Taking a stab at making a privacy-preserving analytics thing for my blog.
I'm hashing the user's IP and User-Agent, so they're never stored directly. Not 100% accurate, but good enough for me to work out whether a page-view is unique or not.
Country is very rough - using GeoIP.
Referer is either from HTTP or if the linking site uses UTM.
Seems *broadly* accurate compared to other plugins.
I'm not sure of the performance if this hits a million rows. Might need further DB tables.
Getting there! I can now (inefficiently) see how many page views and (roughly) how many unique users have visited my blog.
I can also see where people are coming from on a specific day.
(Remember, this is just for me to noodle about with. This isn't going to be an amazingly accurate, professional-grade plugin.)

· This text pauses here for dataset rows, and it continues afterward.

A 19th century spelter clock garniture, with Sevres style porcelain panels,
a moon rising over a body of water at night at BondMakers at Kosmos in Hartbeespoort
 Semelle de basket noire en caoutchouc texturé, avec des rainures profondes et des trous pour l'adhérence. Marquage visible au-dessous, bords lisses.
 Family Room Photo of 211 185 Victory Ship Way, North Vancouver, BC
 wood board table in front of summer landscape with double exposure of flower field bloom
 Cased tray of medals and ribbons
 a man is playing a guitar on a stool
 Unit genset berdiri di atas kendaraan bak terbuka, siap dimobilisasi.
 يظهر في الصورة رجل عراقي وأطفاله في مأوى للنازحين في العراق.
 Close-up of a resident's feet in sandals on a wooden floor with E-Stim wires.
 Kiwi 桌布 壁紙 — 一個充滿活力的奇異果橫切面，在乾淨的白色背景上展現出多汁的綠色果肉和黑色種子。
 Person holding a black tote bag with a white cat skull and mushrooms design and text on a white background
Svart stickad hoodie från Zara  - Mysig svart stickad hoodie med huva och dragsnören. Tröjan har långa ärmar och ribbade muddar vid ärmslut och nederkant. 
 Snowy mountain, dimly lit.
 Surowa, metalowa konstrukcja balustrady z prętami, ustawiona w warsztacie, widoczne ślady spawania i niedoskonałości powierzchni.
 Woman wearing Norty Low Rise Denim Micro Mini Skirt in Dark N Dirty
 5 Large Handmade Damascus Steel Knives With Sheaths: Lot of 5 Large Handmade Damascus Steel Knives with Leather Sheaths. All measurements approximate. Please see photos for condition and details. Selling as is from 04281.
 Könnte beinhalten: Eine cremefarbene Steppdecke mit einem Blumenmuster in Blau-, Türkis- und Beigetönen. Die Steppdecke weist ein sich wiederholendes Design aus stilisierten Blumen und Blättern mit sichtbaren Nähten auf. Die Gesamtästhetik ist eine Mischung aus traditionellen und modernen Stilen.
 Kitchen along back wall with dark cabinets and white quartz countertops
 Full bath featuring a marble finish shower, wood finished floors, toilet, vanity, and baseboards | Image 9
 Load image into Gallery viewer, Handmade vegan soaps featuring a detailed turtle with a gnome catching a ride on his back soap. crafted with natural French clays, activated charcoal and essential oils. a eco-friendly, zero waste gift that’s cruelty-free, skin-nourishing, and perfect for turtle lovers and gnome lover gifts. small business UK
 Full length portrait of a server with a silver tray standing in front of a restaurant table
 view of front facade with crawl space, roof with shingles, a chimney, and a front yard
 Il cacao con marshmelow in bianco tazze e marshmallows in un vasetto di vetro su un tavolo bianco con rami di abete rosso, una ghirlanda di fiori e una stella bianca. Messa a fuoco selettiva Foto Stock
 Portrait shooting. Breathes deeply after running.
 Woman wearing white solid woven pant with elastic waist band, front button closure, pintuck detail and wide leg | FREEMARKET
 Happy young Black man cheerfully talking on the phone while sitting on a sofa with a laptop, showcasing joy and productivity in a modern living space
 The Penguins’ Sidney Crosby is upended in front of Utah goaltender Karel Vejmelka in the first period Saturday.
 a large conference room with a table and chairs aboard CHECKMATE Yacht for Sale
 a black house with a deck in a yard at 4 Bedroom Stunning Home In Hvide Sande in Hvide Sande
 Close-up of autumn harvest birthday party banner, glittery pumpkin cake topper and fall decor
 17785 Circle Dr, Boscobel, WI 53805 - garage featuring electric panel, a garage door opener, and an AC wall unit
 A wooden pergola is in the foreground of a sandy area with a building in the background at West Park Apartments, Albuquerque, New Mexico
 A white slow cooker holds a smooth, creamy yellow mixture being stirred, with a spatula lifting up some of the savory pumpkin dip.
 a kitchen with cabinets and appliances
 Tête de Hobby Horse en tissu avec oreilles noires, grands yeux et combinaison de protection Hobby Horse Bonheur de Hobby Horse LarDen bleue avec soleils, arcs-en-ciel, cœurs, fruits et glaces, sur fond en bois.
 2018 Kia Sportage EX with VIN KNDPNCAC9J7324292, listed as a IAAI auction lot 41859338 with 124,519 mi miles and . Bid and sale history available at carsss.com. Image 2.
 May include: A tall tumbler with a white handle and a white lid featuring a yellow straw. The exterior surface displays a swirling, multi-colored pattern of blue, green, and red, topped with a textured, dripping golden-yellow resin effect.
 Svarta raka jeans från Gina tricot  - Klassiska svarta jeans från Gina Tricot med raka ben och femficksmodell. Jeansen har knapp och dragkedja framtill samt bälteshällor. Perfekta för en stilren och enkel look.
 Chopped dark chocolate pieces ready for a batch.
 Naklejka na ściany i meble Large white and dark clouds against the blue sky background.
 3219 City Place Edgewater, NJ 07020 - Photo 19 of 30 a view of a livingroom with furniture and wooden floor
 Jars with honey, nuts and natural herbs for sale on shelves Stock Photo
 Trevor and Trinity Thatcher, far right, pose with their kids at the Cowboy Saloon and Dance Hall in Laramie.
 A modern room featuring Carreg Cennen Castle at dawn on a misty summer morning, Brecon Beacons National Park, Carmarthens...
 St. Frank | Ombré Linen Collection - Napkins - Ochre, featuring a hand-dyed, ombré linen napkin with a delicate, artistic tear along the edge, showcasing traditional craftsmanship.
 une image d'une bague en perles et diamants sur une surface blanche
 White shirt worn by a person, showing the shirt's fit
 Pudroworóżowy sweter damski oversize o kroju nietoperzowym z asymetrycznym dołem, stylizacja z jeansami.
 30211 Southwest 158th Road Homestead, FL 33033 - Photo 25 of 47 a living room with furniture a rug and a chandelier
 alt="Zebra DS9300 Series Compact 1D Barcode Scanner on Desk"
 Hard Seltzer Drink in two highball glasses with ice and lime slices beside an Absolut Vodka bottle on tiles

As pointed out by @DamonHD - the HTML <meter> element also works well!
Bit of CSS to rotate it, table for layout, job's a goodun!
Might have gone a *little* overboard! I rather like this though.
Self-hosted analytics showing a graph of the last 7 days.
Today's top referers, pages, and countries.
Super simple and suitable for my needs.
Next up - import historic data and work out if I want to keep countries & referers in it.
I'm basically farting around with the design because I don't want to do the hard work of periodically consolidating the database.
I *think* for now I just need a separate table of:
Date, Views, Users.
I can increment the Views every time the page is visited using something like `ON DUPLICATE KEY UPDATE visits = visits + 1;`
But deduplicating the users will be harder. I don't want to run a daily cron job for this.
@Edent be careful with 'UPDATE count = count + 1" patterns. They're unlikely to accurately count as you expect due to concurrency issues. Especially in MVCC systems, it will depend alot on transaction isolation levels.
For this kind of thing, just logging the visits as records and aggregating on analysis / periodically is often the better approach. Removes a lot of the concurrent write headache and give you more flexibility.
@Edent not super familiar with Maria/MySQL, more a PostgreSQL person.
But maybe: https://mariadb.com/docs/server/server-usage/triggers-events/event-scheduler/events
@Edent failing that, good old cron.
@Edent also in general window functions are great for aggregating these kind of stats.
@intrbiz aha! Great, thanks 🙂
@intrbiz thanks. Is there a sensible way to schedule those sorts of reconciliations?